Barone on multiculturalism

Michael Barone has an interesting column up on multiculturalism. In the wake of the British 7/7 and 7/22 bombings, many have begun to question the heretofore largely unquestioned tolerance for all cultures mandated by multiculturalism. Thousands of unassimilated Muslim Britons, meshed into a culture of ascetic Islamism leagues apart from mainstream Britain, are now seen as posing a major threat, not as the desired fruit of some multicultural utopia.

Barone cuts to the pith on multiculturalism:
Multiculturalism is based on the lie that all cultures are morally equal. In practice, that soon degenerates to: All cultures all morally equal, except ours, which is worse. But all cultures are not equal in respecting representative government, guaranteed liberties, and the rule of law. And those things arose not simultaneously and in all cultures but in certain specific times and places--mostly in Britain and America but also in other parts of Europe.

But this is not likely to convince the committed multiculty. These people acknowledge that liberties and the rule of law are artificats of the Western cultural tradition; they just deny that these things are necessary.

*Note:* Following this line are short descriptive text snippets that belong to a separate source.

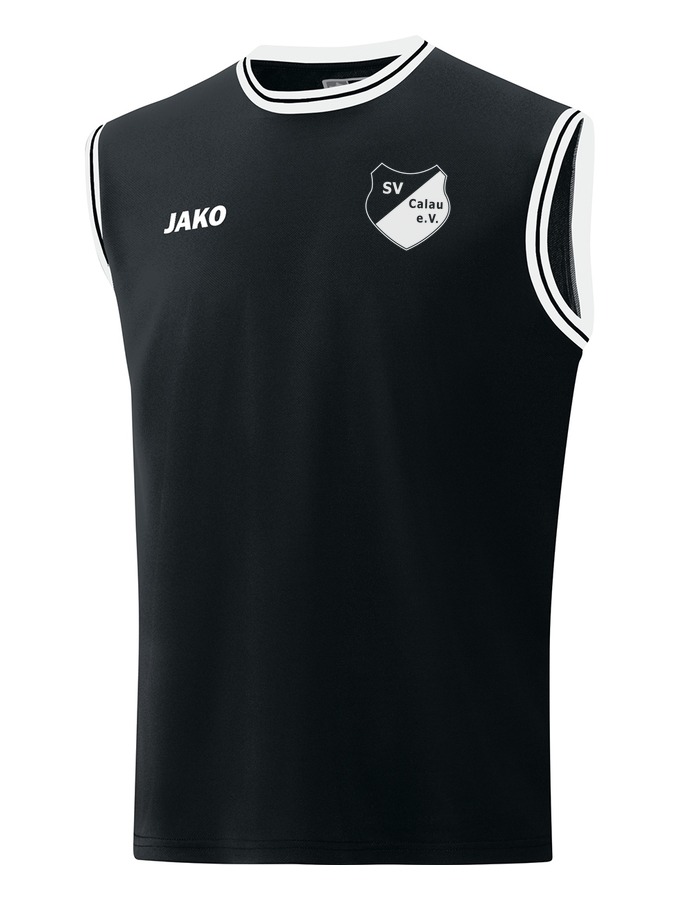 Jako Trikot Center 2.0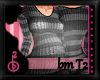 |OBB|SWEATER|JANET|BMT2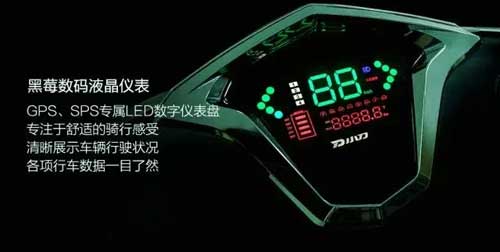 小刀高端全地形車金剛俠:文武兼?zhèn)鋪砣ト顼L 小刀高端全地形車金剛俠:文武兼?zhèn)鋪砣ト顼L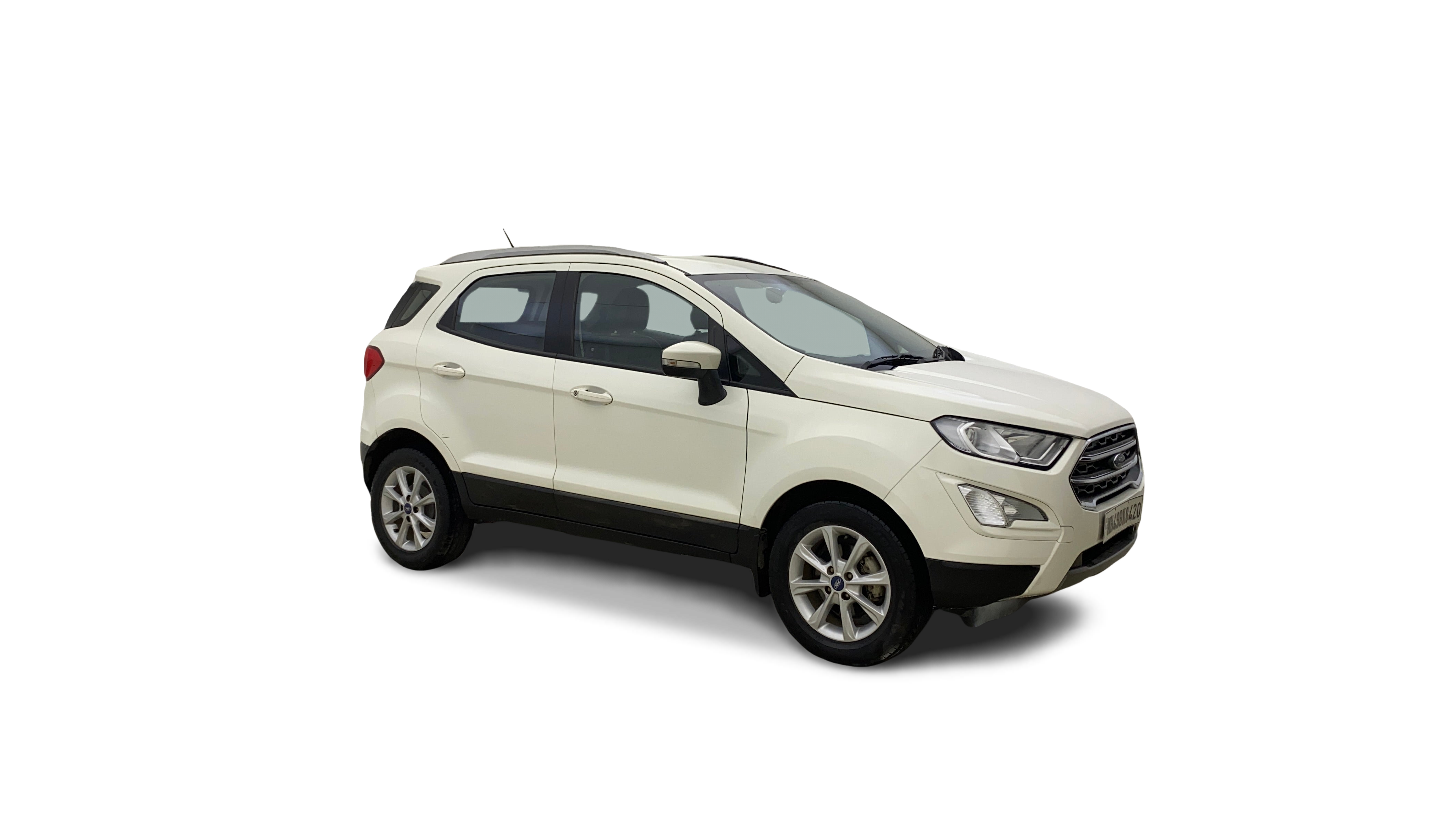 Ford Ecosport-img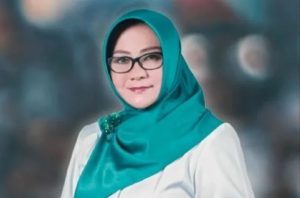 Hindari Peristiwa Dugaan Keracunan Menu MBG Terulang, Bupati Magetan Ambil Langkah Strategis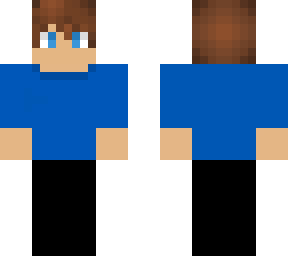 need help shading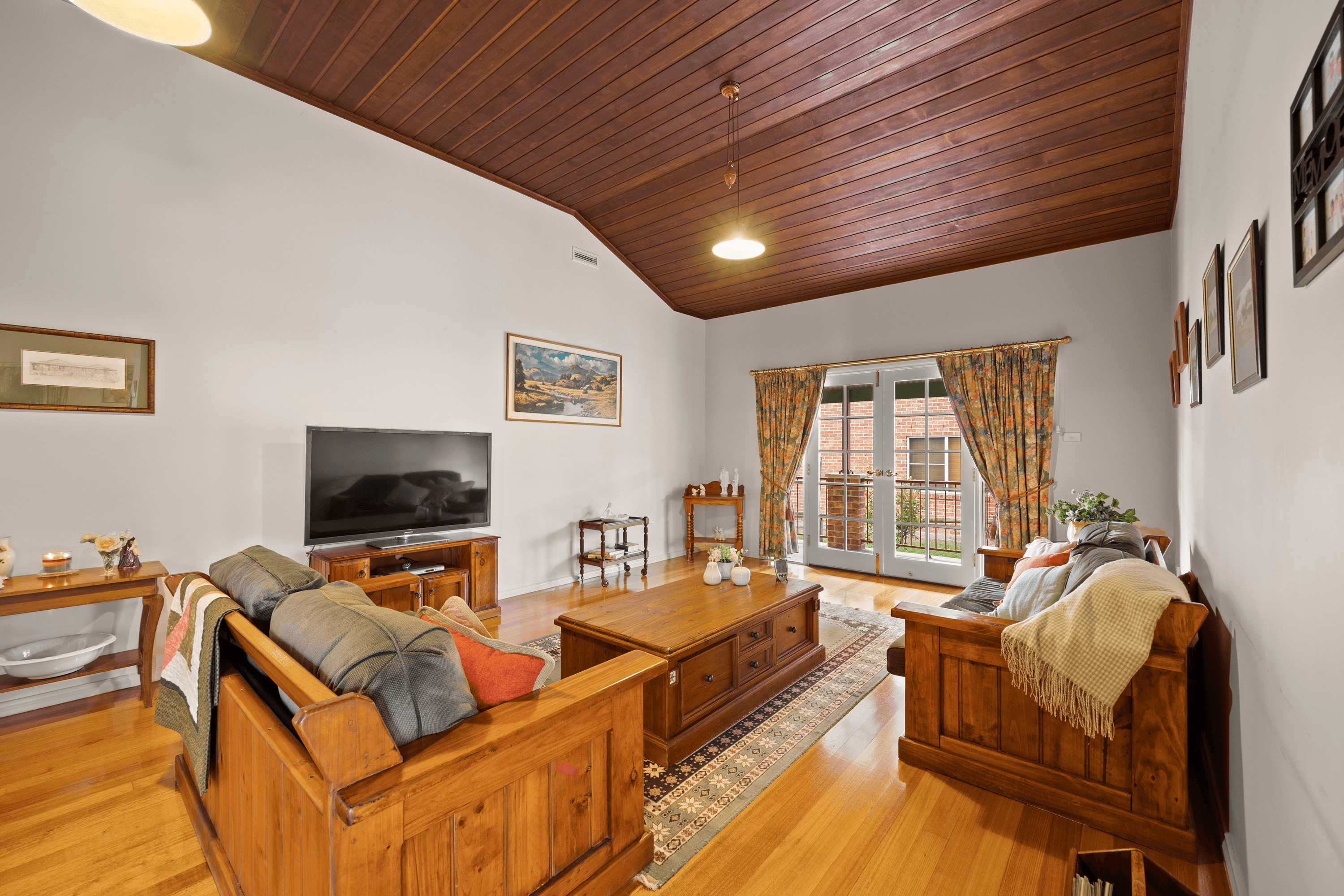 11 Stanstead Close, Scone, NSW 2337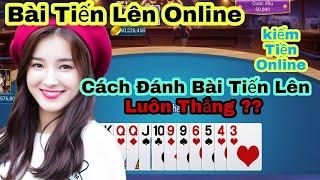 Iwin | Game bài uy tín 2023, game bài tiến lên miền nam online đổi thưởng uy tín nhất hiện nay 2023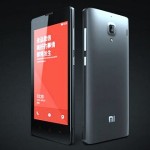 Penjualan Smartphone Xiaomi Red Rice Tembus 100 Ribu Unit dalam Dua Menit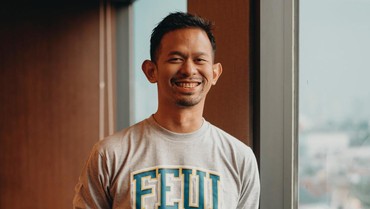 Profil dan Agama Suami Lulu Tobing yang Cerai Ditolak Pengadilan Agama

Such a nihilistic attitude is beyond argument, because argument presupposes the possibility of agreement, an outcome that is impossible to an absolute value relativist.

This was the gut response that many had to my column. They simply claimed that individuality was a Western idea, and so, presumably, valid only for Westerners. There is no way to argue with this; it is the rhetorical equivalent of taking your basketball and going home.